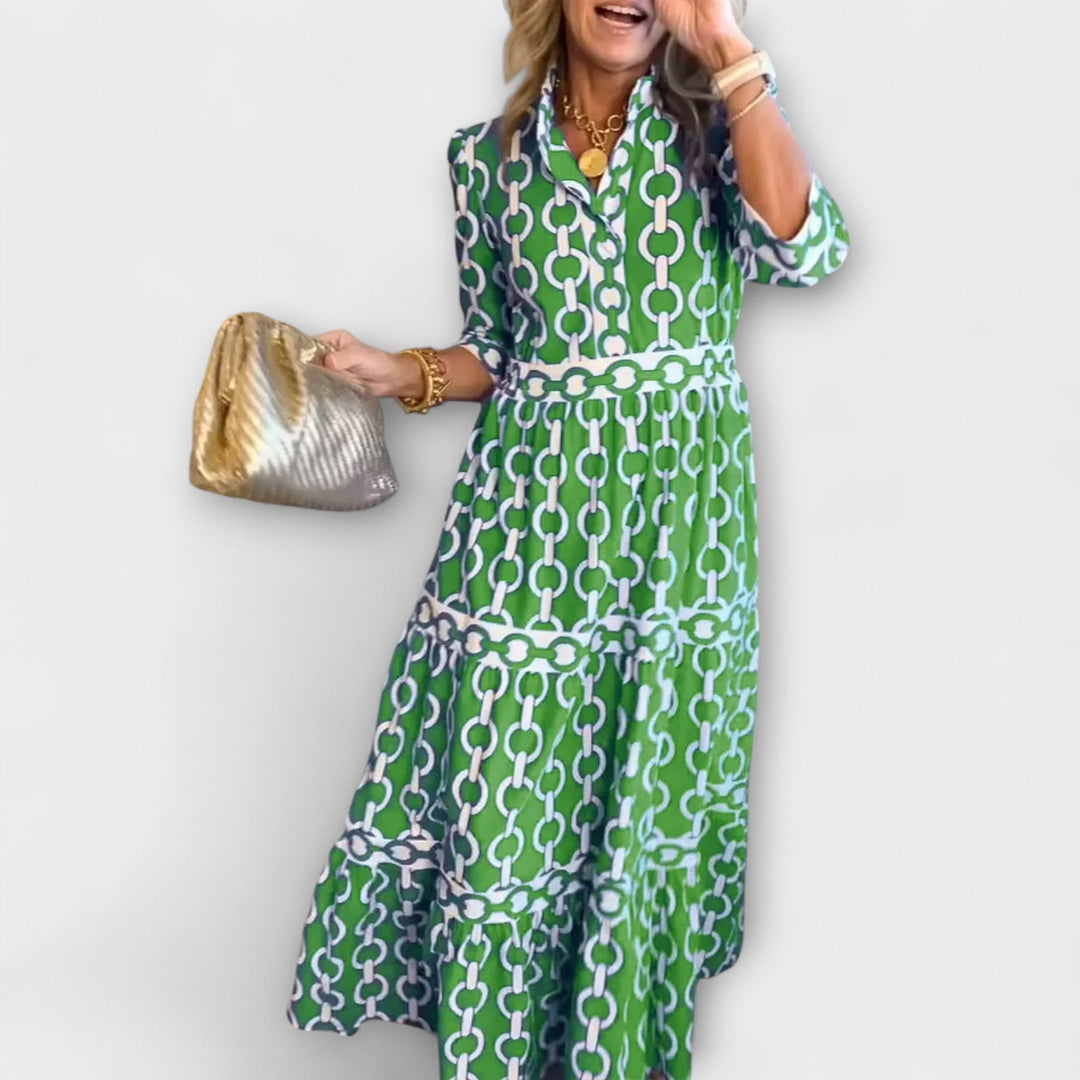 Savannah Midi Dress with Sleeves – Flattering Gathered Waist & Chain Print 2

--

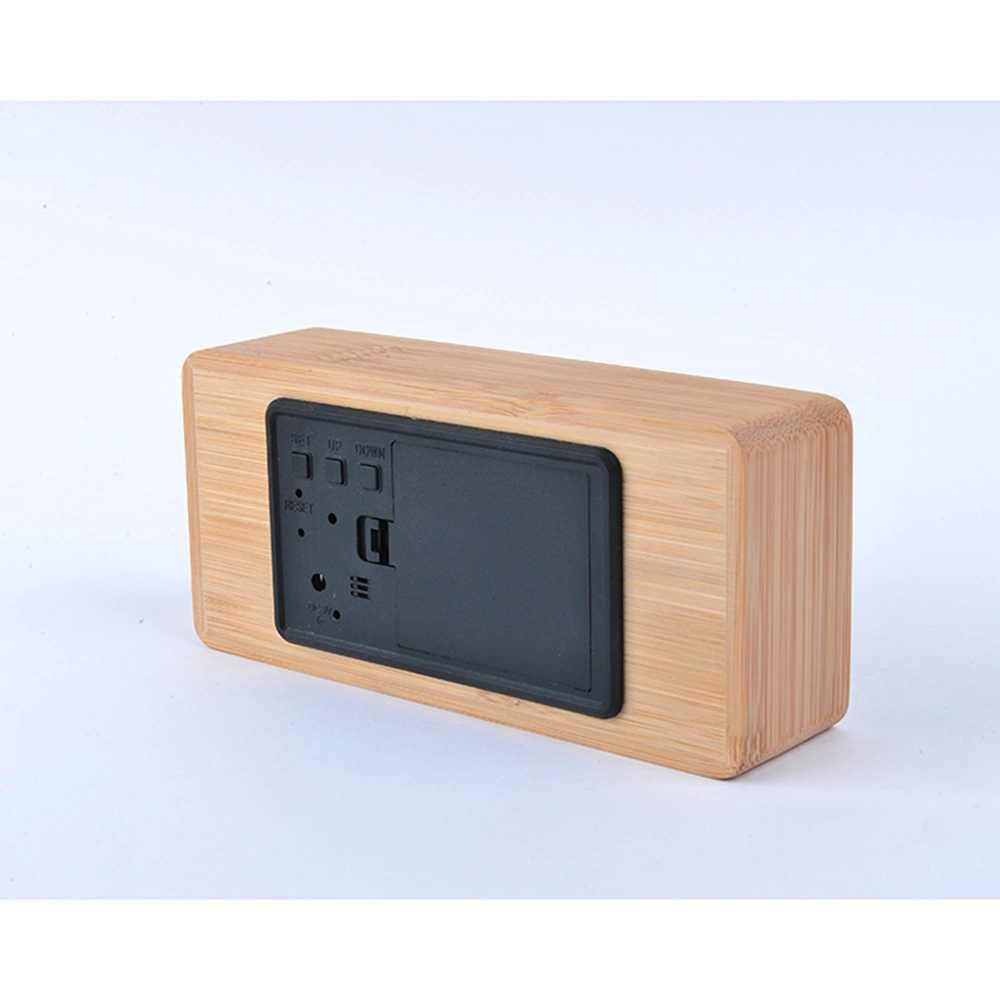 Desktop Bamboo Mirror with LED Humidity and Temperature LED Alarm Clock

---

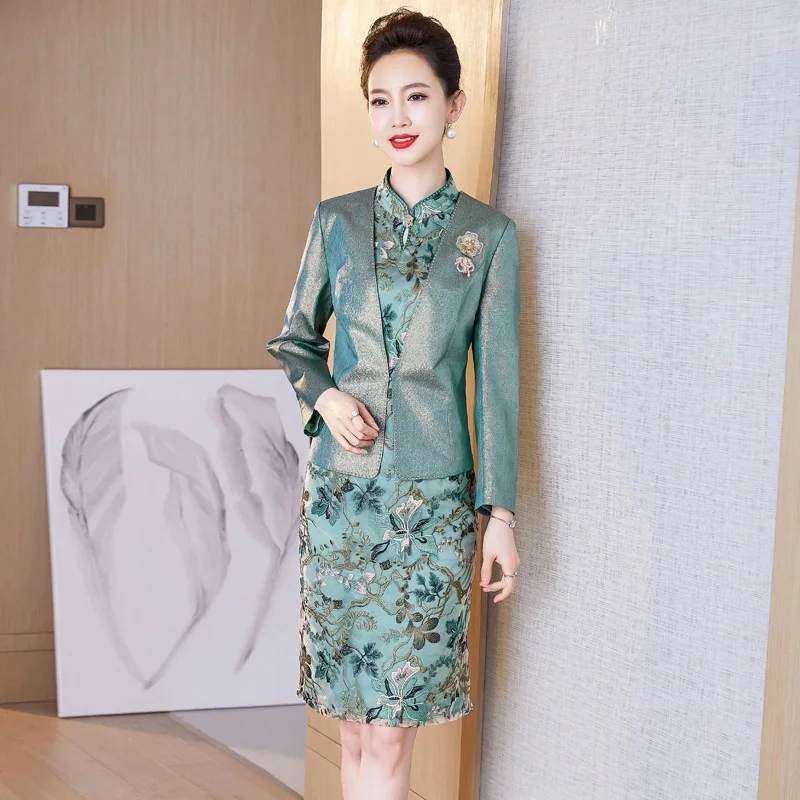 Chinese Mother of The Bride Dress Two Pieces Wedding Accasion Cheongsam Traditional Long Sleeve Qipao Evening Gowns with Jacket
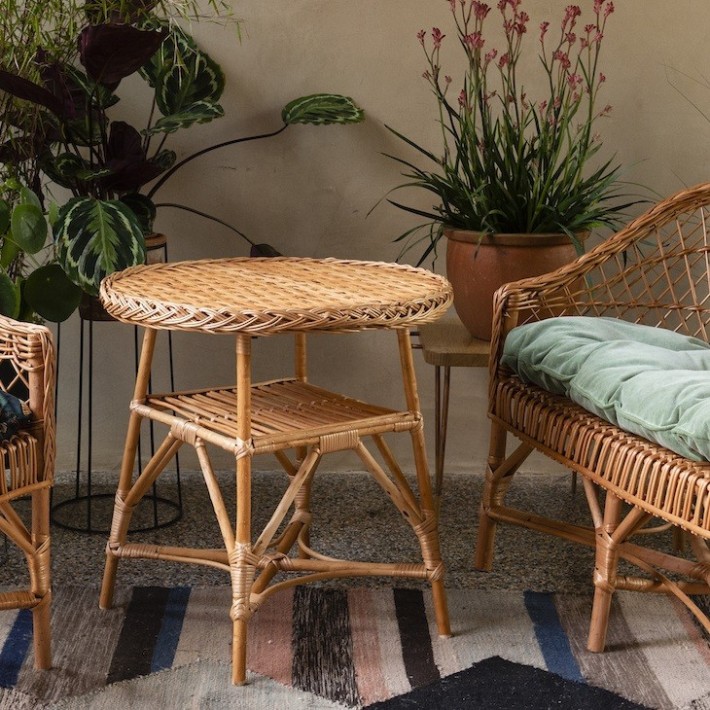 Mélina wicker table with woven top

What is needed - Beginning at the line above that contains "Chinese Mother of", repeat each line exactly through the one that contains "Mélina wicker table with woven top", and leave out the pictures.

The answer -
 Chinese Mother of The Bride Dress Two Pieces Wedding Accasion Cheongsam Traditional Long Sleeve Qipao Evening Gowns with Jacket
 Mélina wicker table with woven top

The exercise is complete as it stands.